北海道教育大学の宮崎教授が世界史を海の側からまとめなおして記述したものです。
このところの読書傾向として、ローマやヴェネツィアなど、地中海を中心とした交易国家の歴史も見てきたので海からの歴史観というのもある程度は分かっていたこともありますが、イスラム商人のインド洋を中心とした大活躍というのは少し盲点になっていたようです。
とはいえ、海運というものの最初はやはりエジプトと地中海から始まったようで、ナイル川の船運の発展のあとはフェニキア人の地中海交易の確立につながりました。
しかし、モンスーン(季節風)の利用を行ない異なる文明間の交易と言うものを始めたのはインド洋のようです。
インド人の商人が東南アジアまでの交易航路を始めました。
その後、地中海がイスラム教徒のものとなり、インド洋の交易にもイスラム商人が大きく進出しました。はるか中国まで定期的な船便が通うようになりました。イブン・バトゥータやマルコ・ポーロなどはそのような商人の船便に便乗したに過ぎません。
その当時(元時代)には新羅商人というのも活躍したそうです。しかし黄金の島ジパングまではなかなか直接の来訪は難しかったようです。

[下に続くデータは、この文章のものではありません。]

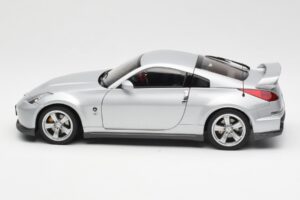 Nissan Fairlady Z Z34 NISMO Type 380RS Stříbrný AUTOart 1:18 77401 Kov – obrázek 4 z 8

船の構造の進歩というのも大きなものですが、地中海では櫓でこぐガレー船が進歩していますが、インド洋では帆船が主のようです。距離が格段に長いせいもあるのでしょうか。
その後ヨーロッパに覇権が移り、スペイン・ポルトガルの新世界発見競争に続いてオランダ・イギリスが相次いで制覇しました。最後はアメリカですが。
日本の幕末期にアメリカからペリーの黒船が来襲し、圧力を加え開国させましたが、その時の4隻のうち、蒸気船は2隻のみでしかもそれはアメリカが保有していた4隻のうちの虎の子の2隻だったようです。ずいぶんぎりぎりの戦力で、かなりはったりを利かせたようです。しかし、その後あっというまにアメリカは海運大国となってしまいました。
海から世界の歴史を見直すと言うのは非常に興味深いものでした。